Container Competition
Last year, Nathan invited us to take part in a little internal competition. The idea was to get people to play with Docker in a way that they might not otherwise get to during their day to day.
The challenge
To build and publish a Docker image that prints the phrase “hello IDBS engineering” (or similar) when run. At a minimum, you will need to build a Docker image, run that image locally to test and publish to a Docker registry. The idea is to do this as a bit of fun, so the effort should be relatively low and whenever you have a bit of downtime.
How will entries be judged?
We’ll keep it simple and the following dimensions will be taken into account: The image runs and prints to console. Image size - the smaller, the better.
Challenge accepted!
Humble beginnings
We don’t have to do much work at all to submit our first entry.
docker run ubuntu:latest echo hello world
is a perfectly valid command and the following Dockerfile
would have you on your way with the first 73.9MB submission:
FROM ubuntu:latest
CMD ["echo", "Hello IDBS Engineering! RE"]
Obviously there are smaller base images available than Ubuntu.

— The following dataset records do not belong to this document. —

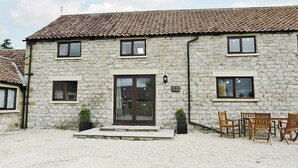 A stone cottage with a tiled roof, a front door, and a sign reading "Ash Tree Cottage." There are outdoor chairs and a small table. - All on the Ground Floor: 
Open plan living space. (near Kirkbymoorside)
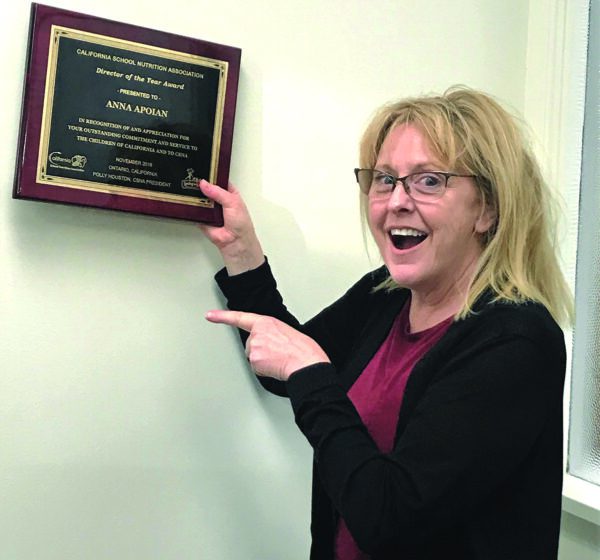 Anna Apoian pointing to her Director of the Year plaque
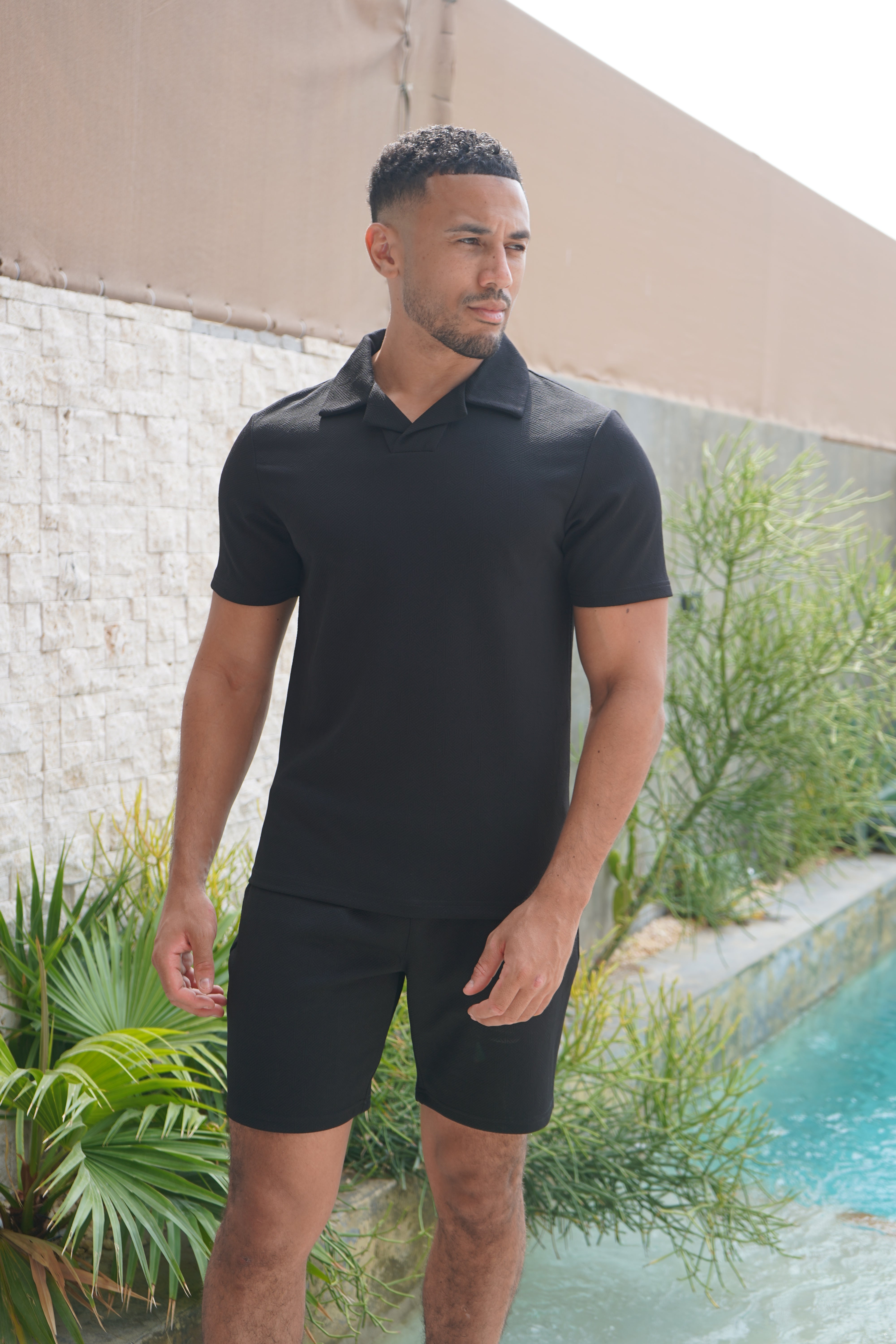 Model view of CAPO Aztec Revere Black Shorts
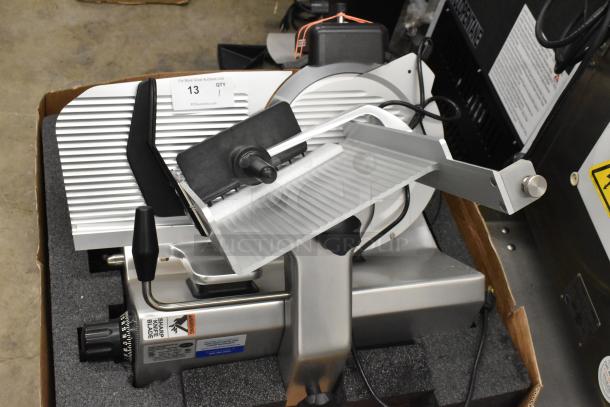 Brand new Globe SG13A-24 automatic meat slicer with 13" blade, built-in sharpener; slight scratches; 110V, 1 Phase.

Alpine for starters.. or for our purpose, Busybox is the Docker equivalent of a swiss army knife and would serve us equally well:
REPOSITORY TAG SIZE
cheating ubuntu 73.9MB
cheating alpine 5.57MB
cheating busybox 1.22MB
Our first submission could be as small as 1.22MB, with not much work at all.
Using base images like Alpine or Busybox still comes with varying amounts of bloat that we don’t need for the simple purpose of printing a string, of course.
To get the image any smaller, the solution must be a base image that has less bloat - ideally one with nothing in it.
This is also known as a scratch
image (because you can create images FROM scratch
) See here for more details
scratch
Scratch images are purposefully empty - they contain nothing and are exactly 0 Byte in size. This means also no Operating System - here be dragons..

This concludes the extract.